ABSTRACT

Chapter 8 gets down to the core factors of the persistence of dollarization by analysing the major developments in the financial sector and central banking after the Rose Revolution (2003). The post-revolution reforms, the openness of the Georgian economy, the entry of foreign capital, and major legal changes that favoured international investors all encouraged the process of peripheral financialization in Georgia. Finance turned into one of the fastest growing sectors in Georgia and commercial banks became the main actors as well as the key agents of financialization. The process was driven by the inflow of foreign capital and strengthened by the government through the creation of greenhouse conditions for banks and international investors.

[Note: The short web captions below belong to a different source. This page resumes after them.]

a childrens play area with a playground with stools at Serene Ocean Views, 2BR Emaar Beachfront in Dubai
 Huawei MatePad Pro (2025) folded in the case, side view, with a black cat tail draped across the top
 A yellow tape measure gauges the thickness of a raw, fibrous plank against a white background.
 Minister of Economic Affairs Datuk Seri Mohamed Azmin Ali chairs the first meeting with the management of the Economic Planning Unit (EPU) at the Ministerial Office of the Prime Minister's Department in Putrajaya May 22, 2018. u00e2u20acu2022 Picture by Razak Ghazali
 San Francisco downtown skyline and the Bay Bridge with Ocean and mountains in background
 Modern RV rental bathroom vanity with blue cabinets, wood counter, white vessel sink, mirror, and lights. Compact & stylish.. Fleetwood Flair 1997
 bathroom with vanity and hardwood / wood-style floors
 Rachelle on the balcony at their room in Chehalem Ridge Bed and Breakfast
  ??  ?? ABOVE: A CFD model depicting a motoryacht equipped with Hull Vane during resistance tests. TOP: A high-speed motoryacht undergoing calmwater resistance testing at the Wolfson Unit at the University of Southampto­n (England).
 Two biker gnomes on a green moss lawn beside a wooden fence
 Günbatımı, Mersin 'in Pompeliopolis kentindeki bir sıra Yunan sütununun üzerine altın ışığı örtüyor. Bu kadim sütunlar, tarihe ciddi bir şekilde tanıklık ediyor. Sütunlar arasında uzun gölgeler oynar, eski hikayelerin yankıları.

A high level of dollarization did not disturb the FDI-led accumulation regime, quite the opposite – it encouraged the capital inflow, which was necessary to finance the current account deficit of the country. Moreover, the inflow of foreign capital, especially to the banking sector, further stirred up the process of dollarization through increased foreign currency lending by Georgian banks. The combination of excess liquidity of banks in foreign currency and the ‘discovery’ of housing as a safe collateral triggered a credit boom and the increased indebtedness of households in foreign currency. The central bank turned into a contested terrain of struggles among the government, commercial banks, the IMF, and foreign investors, which significantly weakened the agency and policy space of the National Bank of Georgia. Thus, dollarization and financialization have been tightly entangled processes in Georgia and moreover, financialization has strengthened the role of the dollar. Thus, peripheral financialization is analysed across three main dimensions in this chapter: financialization of the accumulation regime, monetary policy, and everyday life.